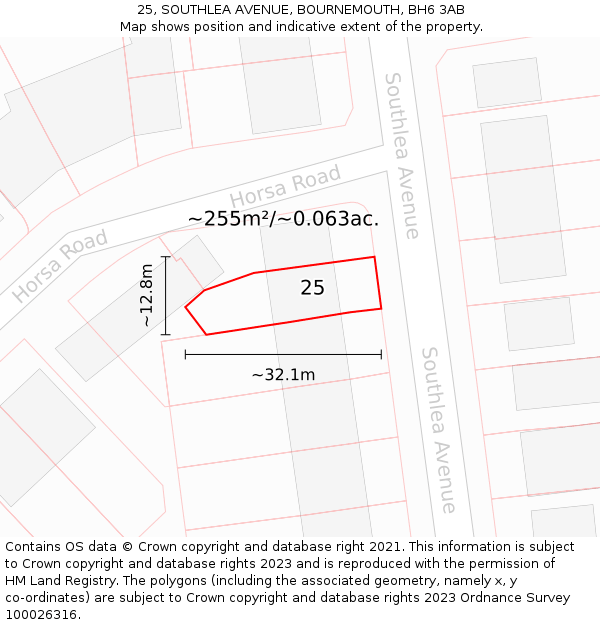 25, SOUTHLEA AVENUE, BOURNEMOUTH, BH6 3AB: Plot and title map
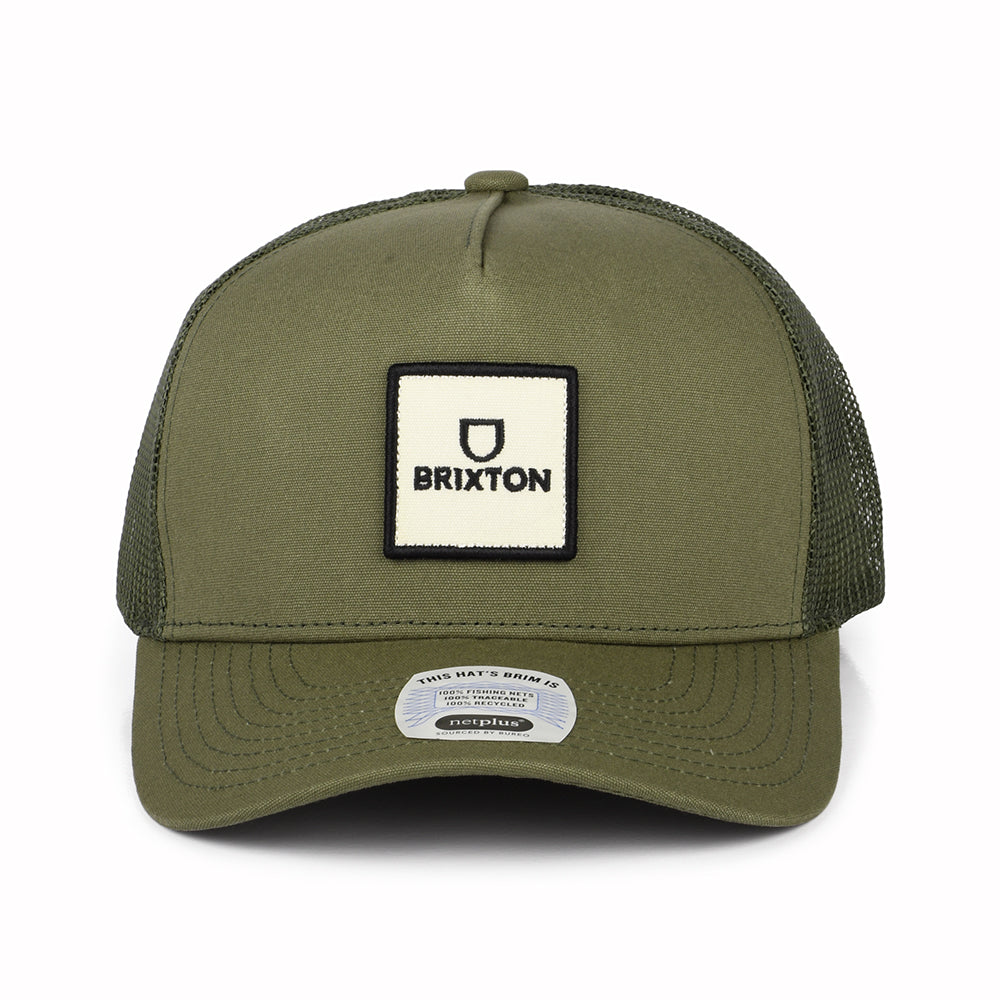 Brixton Hats Alpha Block NetPlus C MP Trucker Cap - Olive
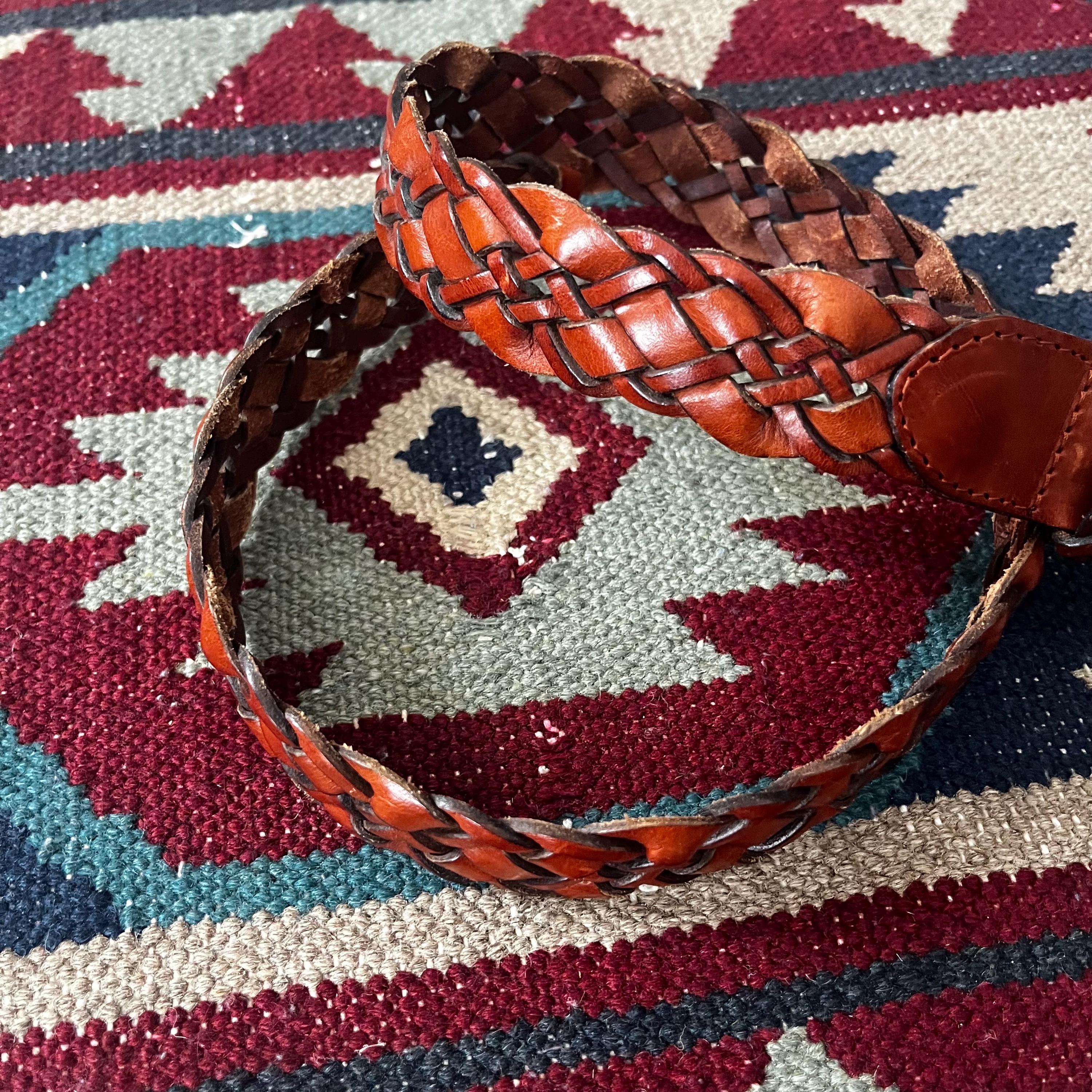 1990s Lands End Braided Woven Leather Belt | Vintage Womens 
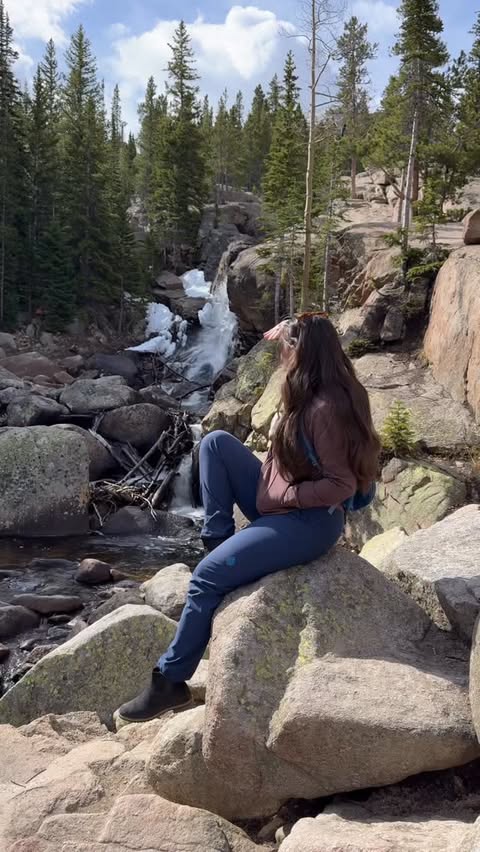 Instagram post by @madisonxtyler for Stio. Caption reads: [...] 📍Alberta Falls Trail 👖Hiking pants: @stio....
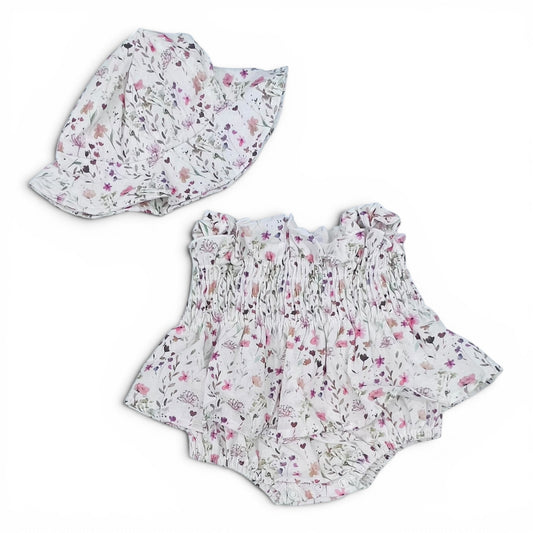 Pagliaccetto Bretellina Cotone Con Cappellino Da Neonata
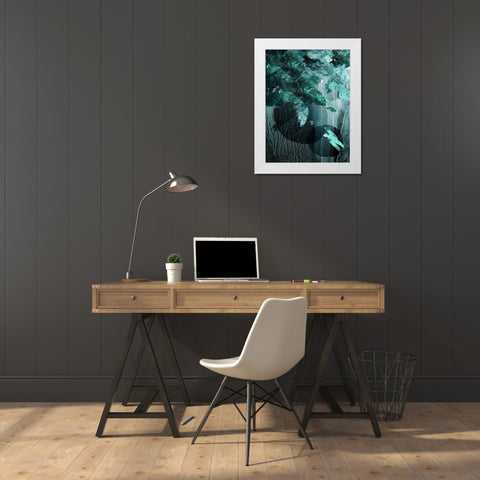 Teal Abstract A White Modern Wood Framed Art Print by Urban Epiphany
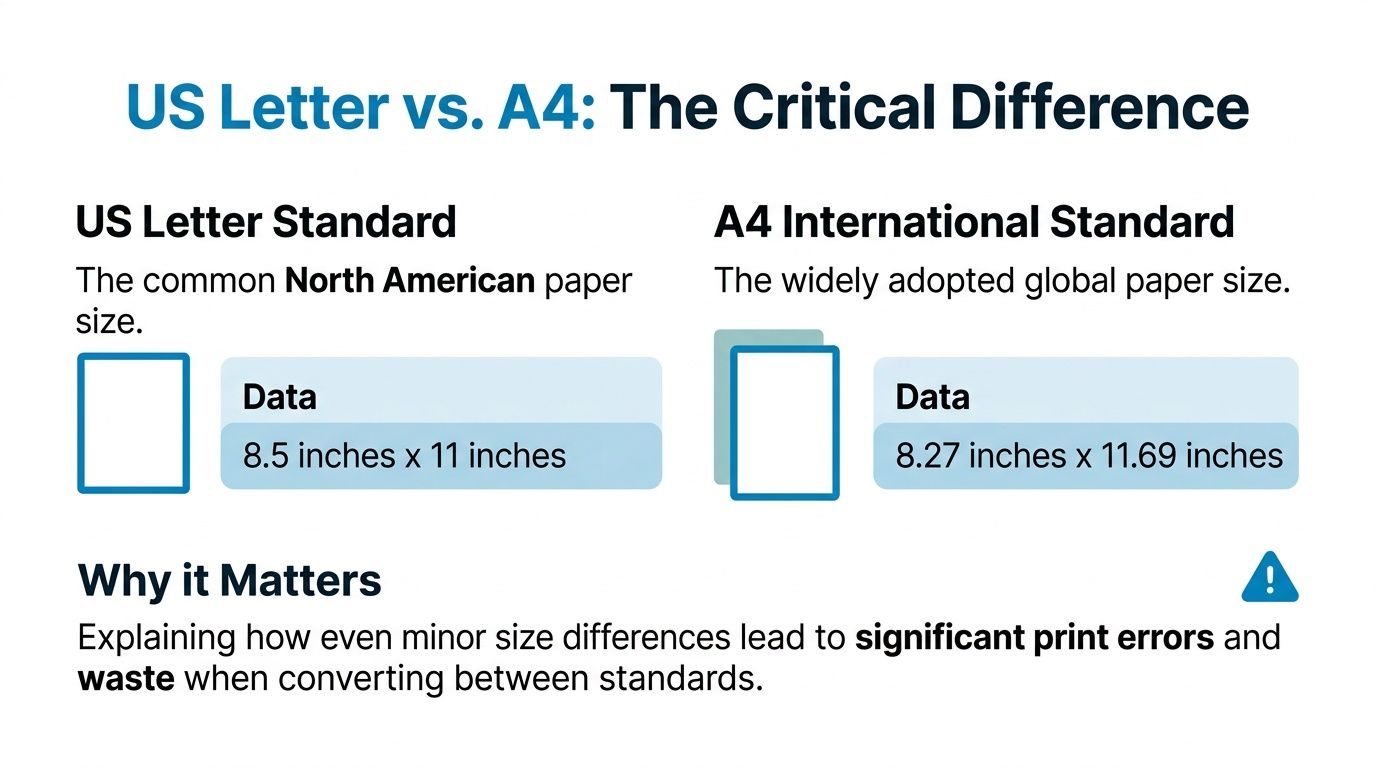 A comparison chart showing the differences in dimensions between US Letter and A4 international paper sizes.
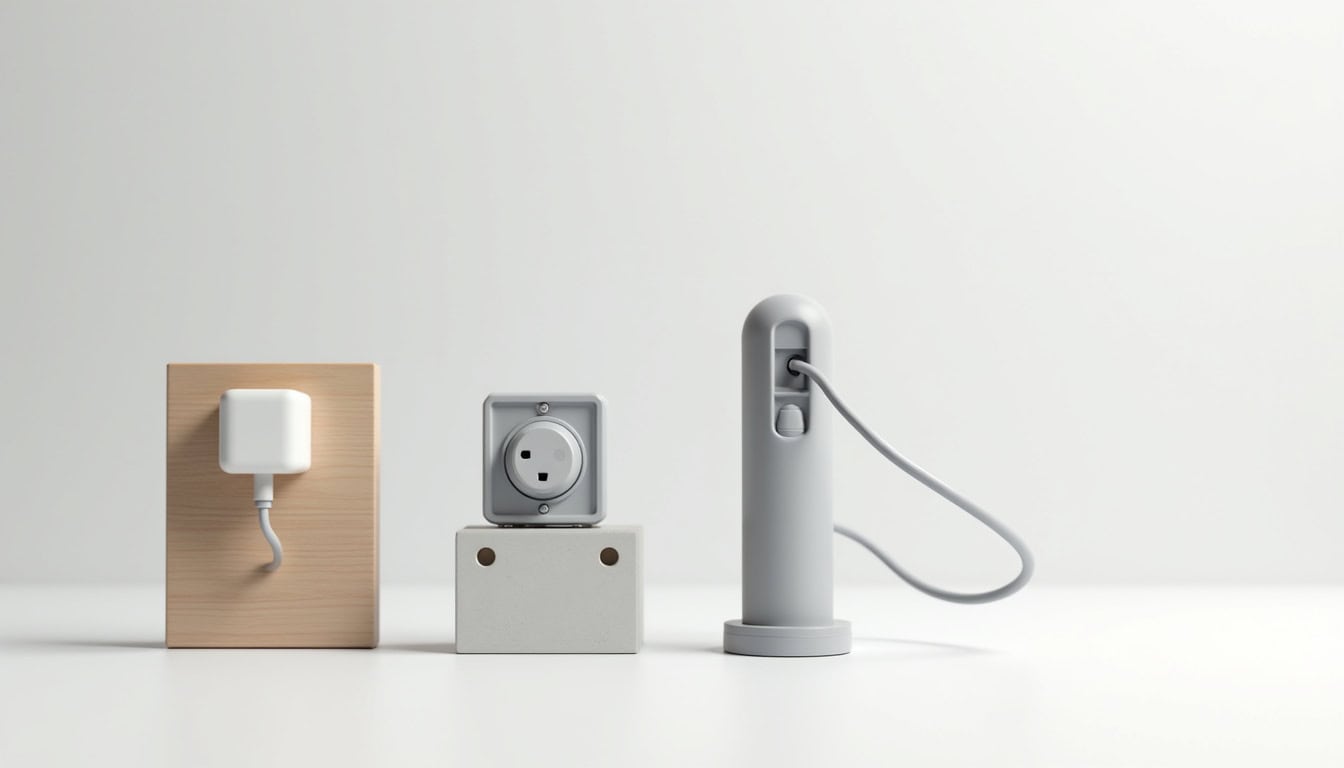 Comparaison visuelle des différents types de bornes de recharge: Wallbox, prise renforcée et borne publique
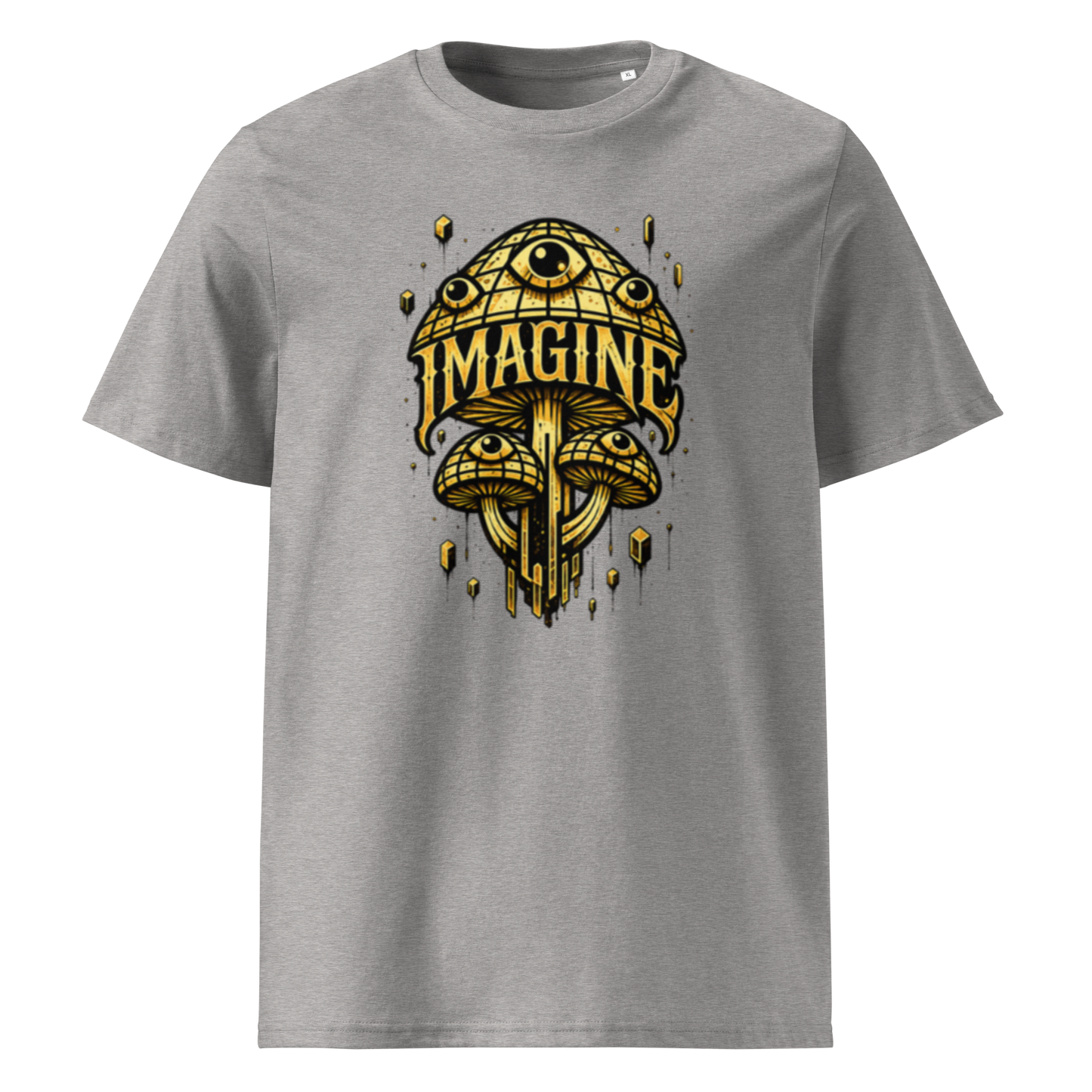 Graues T-Shirt mit goldenen Pilzen mit Augen bedruckt und dem Schriftzug Imagine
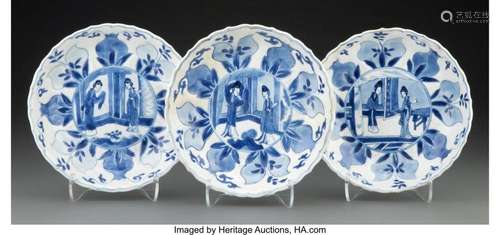 A Group of Three Chinese Blue and White Dishes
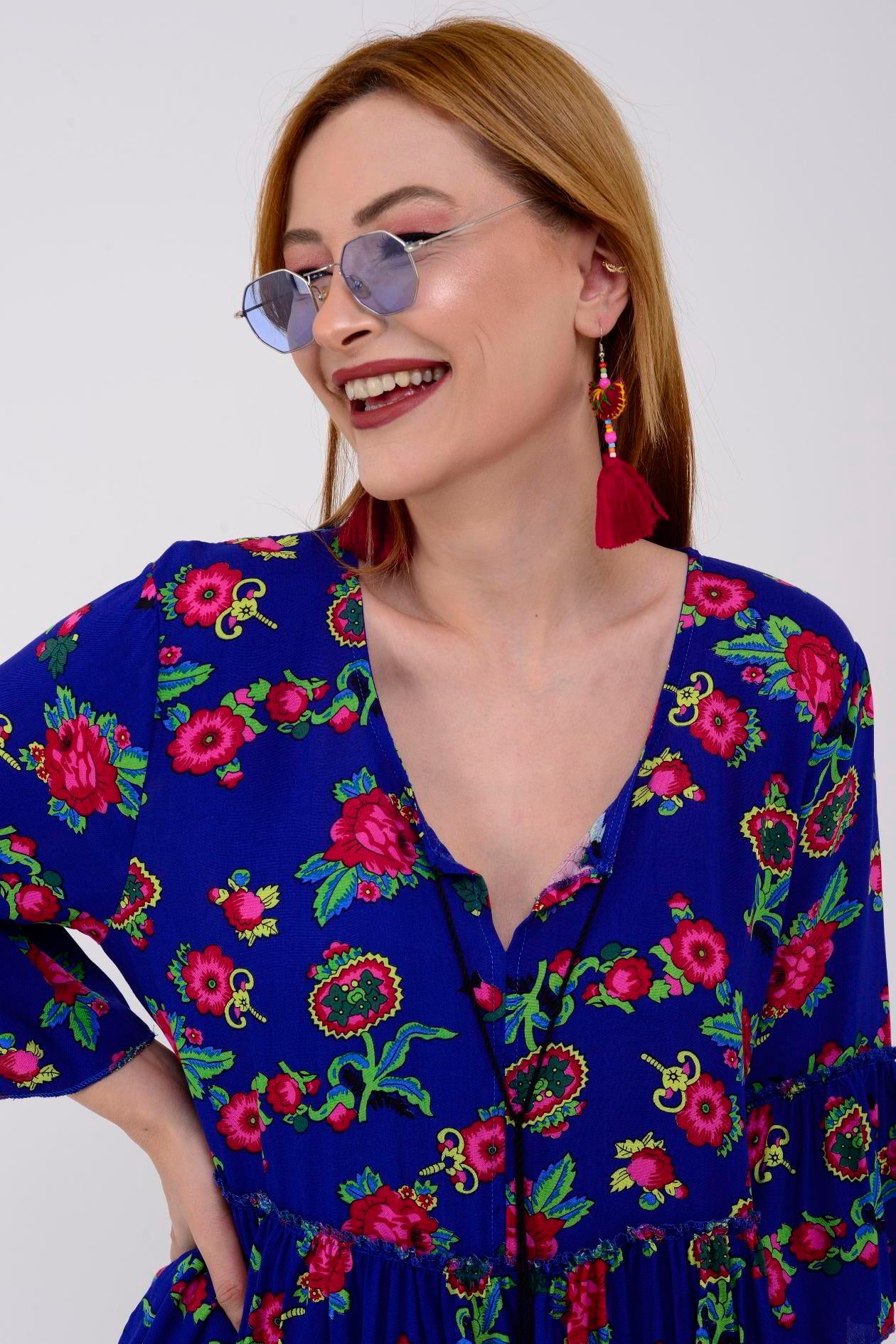 ADN140 DESENLİ BOHO KISA ELBİSE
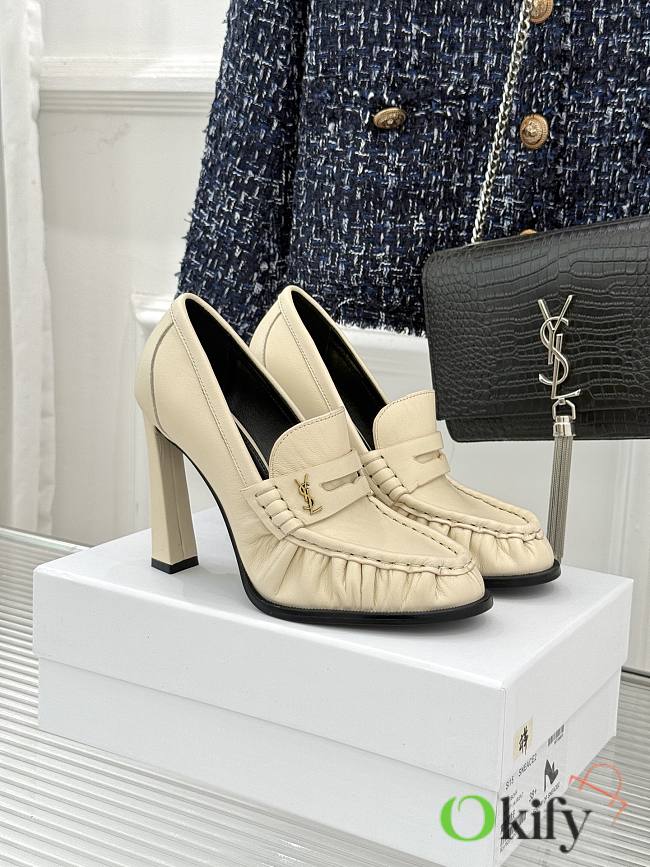 Okify YSL Cream White Leather High Heels 10.5cm - 1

- - - -

- **PROBLEM DETAILS**
The required result is the entries above, printed exactly from the first line through the line with "Pagliaccetto Bretellina Cotone", pictures excluded.

- **FINISHED TASK**
 25, SOUTHLEA AVENUE, BOURNEMOUTH, BH6 3AB: Plot and title map
 Brixton Hats Alpha Block NetPlus C MP Trucker Cap - Olive
 1990s Lands End Braided Woven Leather Belt | Vintage Womens 
 Instagram post by @madisonxtyler for Stio. Caption reads: [...] 📍Alberta Falls Trail 👖Hiking pants: @stio....
 Pagliaccetto Bretellina Cotone Con Cappellino Da Neonata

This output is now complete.